Le Boeing KC-135 Stratotanker, premier avion à réaction dédié au ravitaillement en vol, a été développé en parallèle avec le Boeing 707 et partage nombre d'élément avec lui, même si son fuselage est plus petit. Cet avion est entré en service en 1957 et constitue, depuis cette date, un élément-clé de la capacité de projection à longue distance de l'US Air Force. Plus de 700 exemplaires ont été construits. Une grande partie ont été, dans les années 1980, remotorisés avec des réacteurs plus modernes, augmentant considérablement leur capacité. Outre l'US Air Force, l'Armée de l'air française a aussi acheté cet avion (14 exemplaires). Le Chili, Singapour, et la Turquie ont ensuite acheté des avions américains d'occasion. En 2021, le KC-135 est en cours de retrait progressif[8].

Le KC-10 Extender est un ravitailleur en vol dérivé du gros-porteur Douglas DC-10. Lancé pour disposer d'un ravitailleur complémentaire au KC-135, de capacité supérieure, il est entré en service en 1981. Soixante exemplaires ont été construits[9].

À la fin des années 1970, la Royal Air Force a acheté des Vickers VC10, des avions de ligne longs-courriers qui commençaient à être retirés du service commercial, et les a convertis en ravitailleurs[10]. La guerre des Malouines ayant fait apparaitre la nécessité d'un avion de capacité supérieure, des Lockeed L-1011 Tristar, appareils de même taille que les DC-10, s'y sont ajoutés dans les années 1980. Après leur retrait de la RAF, certains de ces appareils ont été achetés par une société militaire privée américaine[11].

Airbus a développé deux ravitailleurs : l'Airbus A310 MRTT, utilisé par les armées de l'air allemande et canadienne, a été construit sur la base de cellules d'A310 d'occasion. Il associe au ravitaillement d'autres capacités (transport de palettes, de troupes, évacuation sanitaire, etc.). L'Airbus A330 MRTT est dérivé de l'A330, il a été vendu à la France, la Grande-Bretagne, l'Australie, la Corée du Sud, Singapour, l'Arabie saoudite, les Émirats, l'Espagne, et un groupe de pays de l'OTAN, pour un total de 61 exemplaires[12].

Le Boeing KC-46 est un Boeing 767 transformé en ravitailleur, il remplace progressivement les KC-135 de l'USAF.

Avions-cargos militaires

Plusieurs avions cargos militaires possèdent la capacité de ravitailler en vol (et peuvent eux-mêmes être ravitaillés).

L'Airbus A400M peut recevoir deux nacelles de ravitaillement sous les ailes, et ainsi ravitailler deux appareils à la fois. Sa capacité de carburant est de 50 tonnes, et, pour les missions de ravitaillement, peut être inclus en plaçant deux réservoirs complémentaires (6 tonnes chacun) dans la soute[13].

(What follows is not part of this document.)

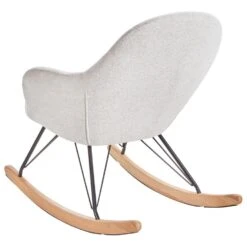 SKALE - Schommelstoel - Wit - Polyester -VIDAXL Winkel 860a80df2df444ee8aa71d273548e0c9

Avions plus légers en buddy refueling

Un A-6, avion d'attaque au sol, équipé pour ravitailler un super-étendard

Certains avions plus petits, comme des chasseurs ou des avions d'attaque au sol, peuvent être équipés en buddy refueling, c'est-à-dire pour ravitailler un avion du même type, ou de la même catégorie. Dans ce cas, l'avion reçoit sur un de ses points d'emport une nacelle dédiée, capable de déployer une sonde de ravitaillement (technique probe-and-drogue). Il est aussi équipé de plusieurs réservoirs externes et son armement est réduit au minimum. Il devient ainsi un petit ravitailleur, capable de fournir du carburant (en quantité très modeste par rapport à une citerne volante) à un avion ami[14].

Drones

Le drone MQ-25 a la capacité de ravitailler les F-18 et les F-35 et est actuellement en développement. Les pilotes peuvent avoir du mal au début car ils n'ont pas la même confiance dans les drones que dans les avions ravitailleurs pilotés[15].

Applications civiles

Une éphémère application civile du ravitaillement en vol a existé juste avant le seconde guerre mondiale. Quatre hydravions à coque Short Empire, utilisés par Empire Airways (en) (absorbé peu après par la BOAC) ont, à partir de 1938, été équippés d'équippement pour le ravitaillement en vol et de réservoirs supplémentaires, pour devenir capables de liaisons transatlantiques. Deux Handley Page H.P.54 Harrow ont été modifiés pour le rôle de ravitailleurs, et opéraient l'un depuis l'Irlande, l'autre depuis Terre-Neuve. Les modifications sur les avions avaient été effectuées par la société Cobham, toujours impliquée, en 2022, dans le ravitaillement en vol[16].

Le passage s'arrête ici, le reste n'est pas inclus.